O segundo instrumento chave do pacote é o Regulamento sobre o Procedimento de Asilo, que uniformiza a tramitação dos pedidos de proteção internacional ao nível europeu, superando a heterogeneidade das normas nacionais. Entre as inovações mais relevantes constam normas específicas para a procedura de fronteira, concebida para permitir avaliações rápidas nas fronteiras externas quando os pedidos são considerados infundados ou inadmissíveis.

O objetivo declarado é tornar os processos de asilo e os retornos mais céleres e eficazes, fixando um prazo máximo de até 12 semanas para conclusão de procedimentos e introduzindo a obrigação de instaurar uma procedura obrigatória na fronteira em cada Estado‑membro. A medida prevê ainda prazos mais curtos para casos manifestamente infundados ou inadmissíveis, e estipula que requerentes cujos pedidos sejam rejeitados deverão ser repatriados em prazo inferior a 12 semanas.

Subgrupos específicos serão prioritariamente submetidos ao procedimento fronteiriço — por exemplo, pessoas originárias de países com taxas de reconhecimento de asilo inferiores a 20%, indivíduos considerados uma ameaça à segurança nacional ou à ordem pública, e casos em que o requerente tenha fornecido informações falsas sobre identidade ou nacionalidade.

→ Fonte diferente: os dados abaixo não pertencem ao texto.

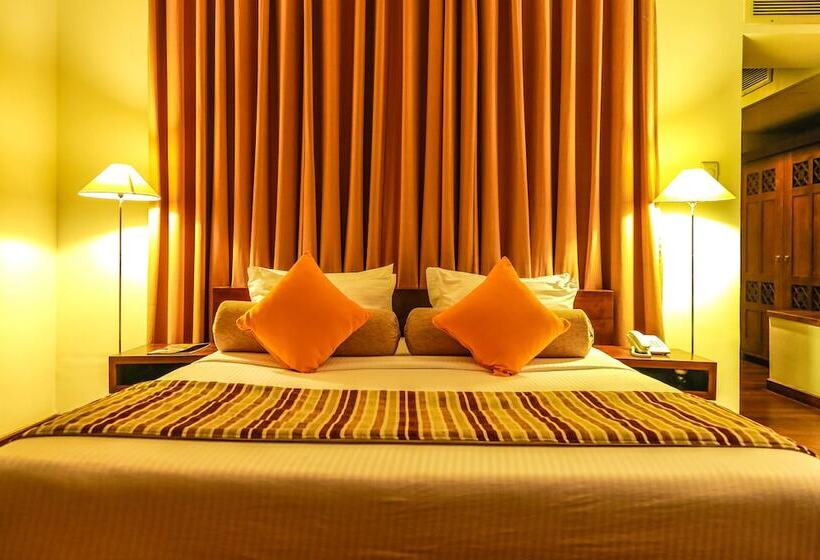 جناح إدارى, Grand Beach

Importante ressalvar que menores não acompanhados ficam, em regra, excluídos desse rito acelerado, salvo se representarem risco de segurança.

Do ponto de vista estratégico, o Pacto representa um redesenho de fronteiras invisíveis: mais do que novos controlos, trata‑se de um reequilíbrio das responsabilidades e de um reforço das ferramentas administrativas para prevenir abusos e fluxos secundários. Resta observar como os Estados‑membros irão calibrar as contribuições e implementar procedimentos operacionais, pois a eficácia dependerá tanto da arquitetura normativa quanto da capacidade administrativa nacional — alicerces que, se frágeis, podem comprometer a estabilidade que o Pacto pretende assegurar.